- [Exercise]: Skip all pictures, then copy the lines from the start of the data through the line with "WRC 10 recebe", keeping both ends.

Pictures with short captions
################
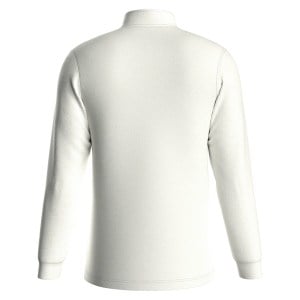Castore Quarter Zip Midlayer - White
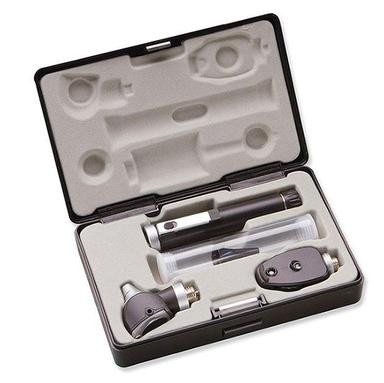 ADC Diagnostix 5110E Single Handle Pocket Otoscope/Ophthalmoscope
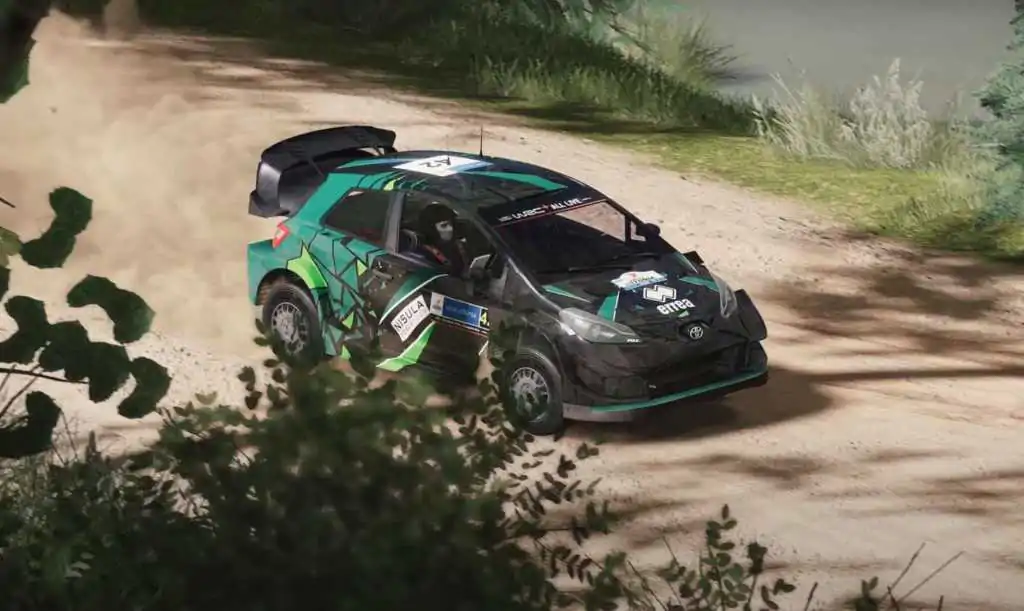 WRC 10 recebe trailer exibindo as customizações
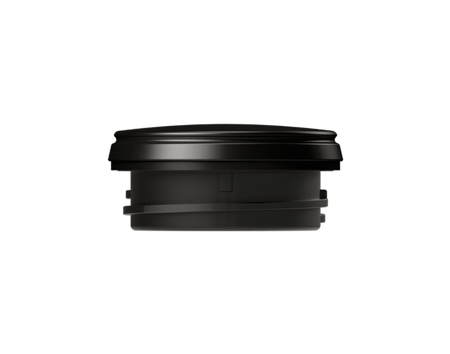 Aimant pour bobine / antenne pour processeur Oticon Medical Neuro 2 - noir diamant (C063 ) [différentes puissances]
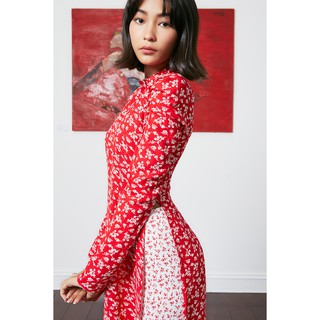 TheBlueTshirt - Áo Dài Nam Giao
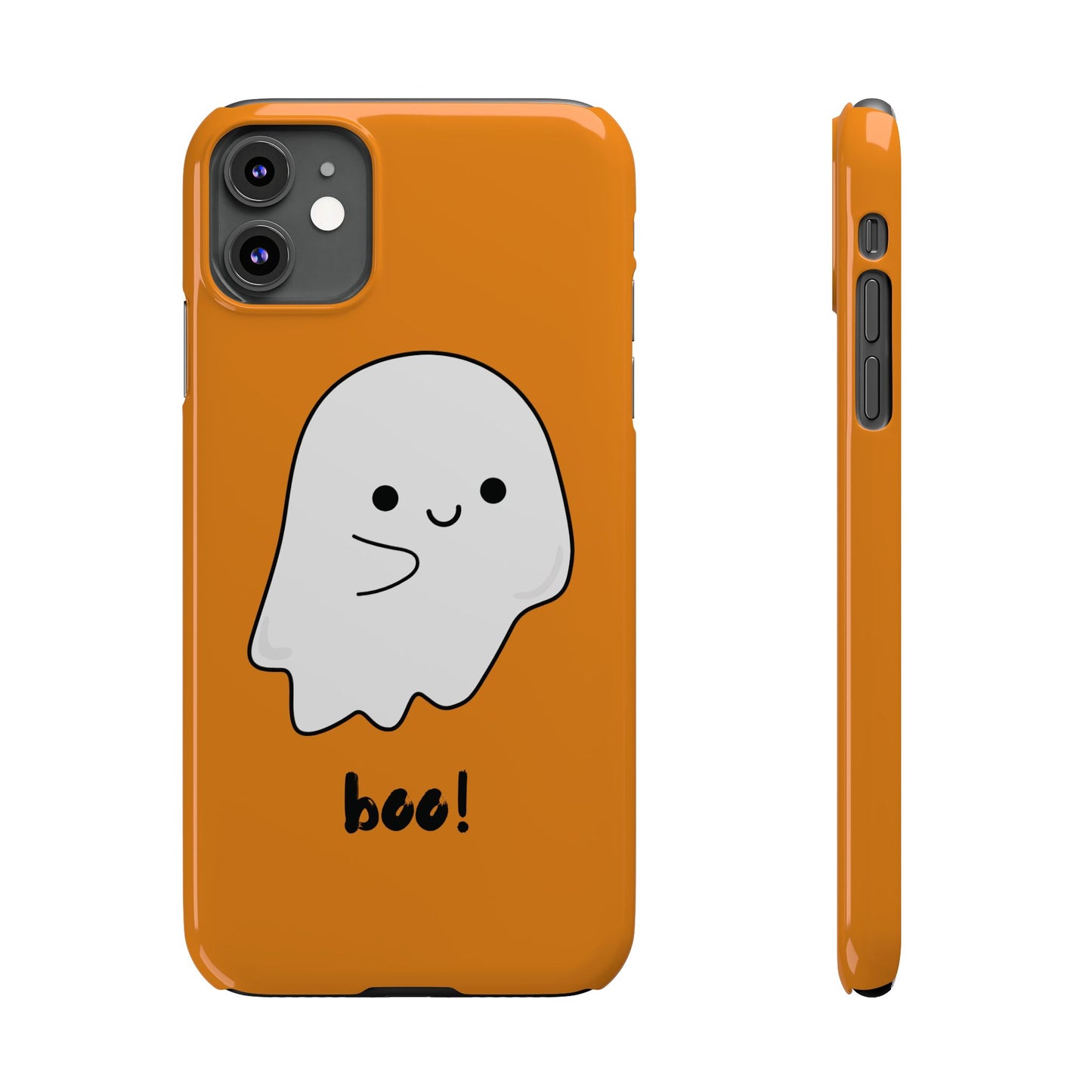 Slim  Halloween Phone Cases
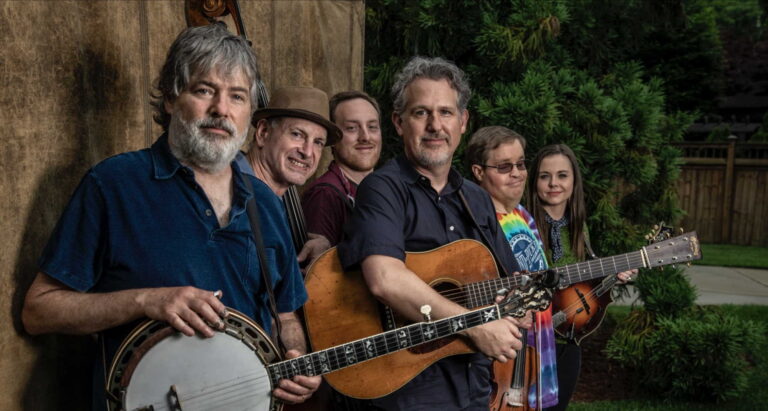 Music of the Week: September 26, 2025: Béla Fleck and Friends – Wheels Up (Live)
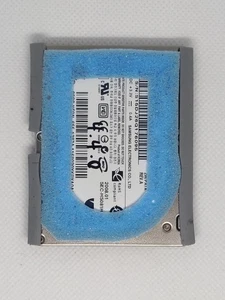 80GB HDD for iPod Classic - Toshiba MK8022GAA, 1.8" ZIF hard drive (thin) - Afbeelding 1 van 1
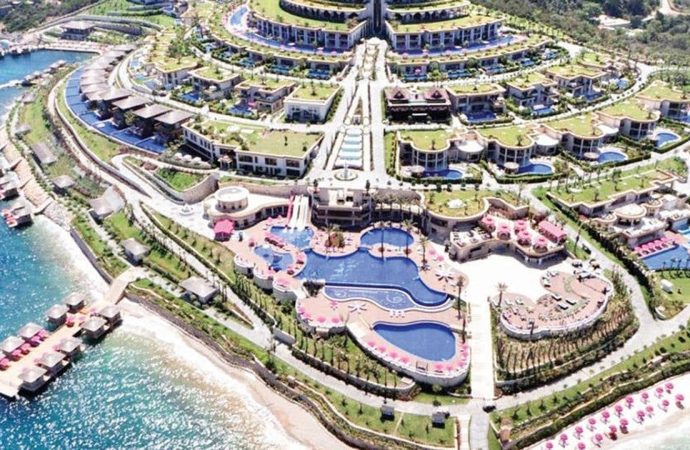 Paramount Otel soruşturması: Üç tutuklama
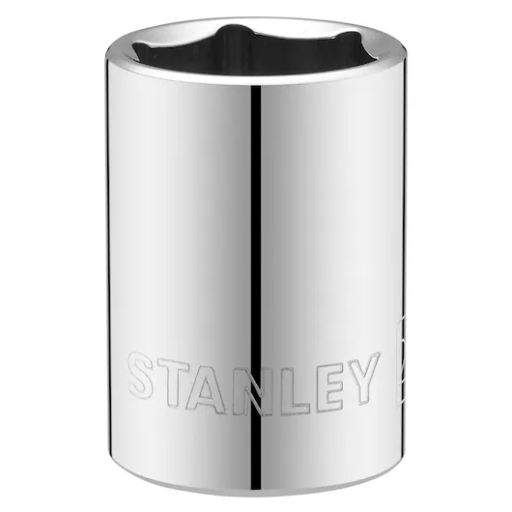 [DMP020] Douille 20 mm 6 pans 1/2'' Stanley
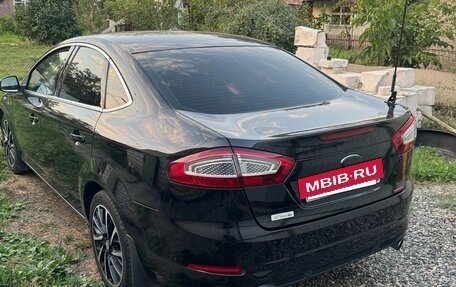 Ford Mondeo IV, 2012 год, 950 000 рублей, 5 фотография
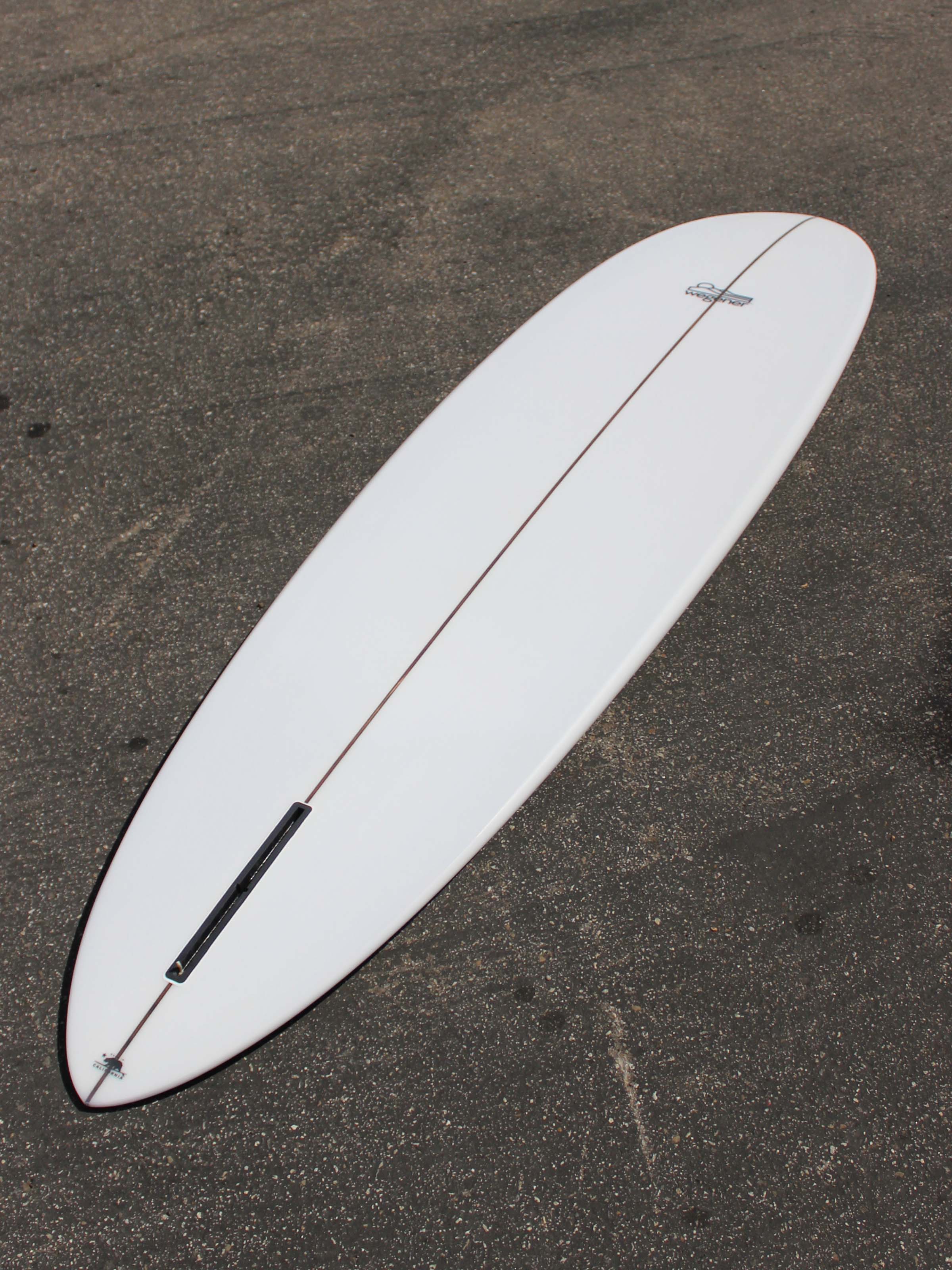 7'8 Wegener Almost Gentleman - Mollusk Surf Shop
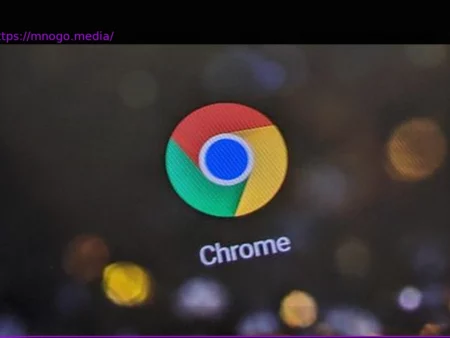 Google Chrome’s New Vertical Tabs Offer Better Tab Management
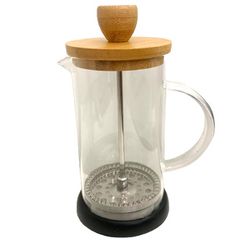 Frenchpress 400 ml Kaffia BAMBUS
################
- [Solution to this exercise]:
Castore Quarter Zip Midlayer - White
 ADC Diagnostix 5110E Single Handle Pocket Otoscope/Ophthalmoscope
 WRC 10 recebe trailer exibindo as customizações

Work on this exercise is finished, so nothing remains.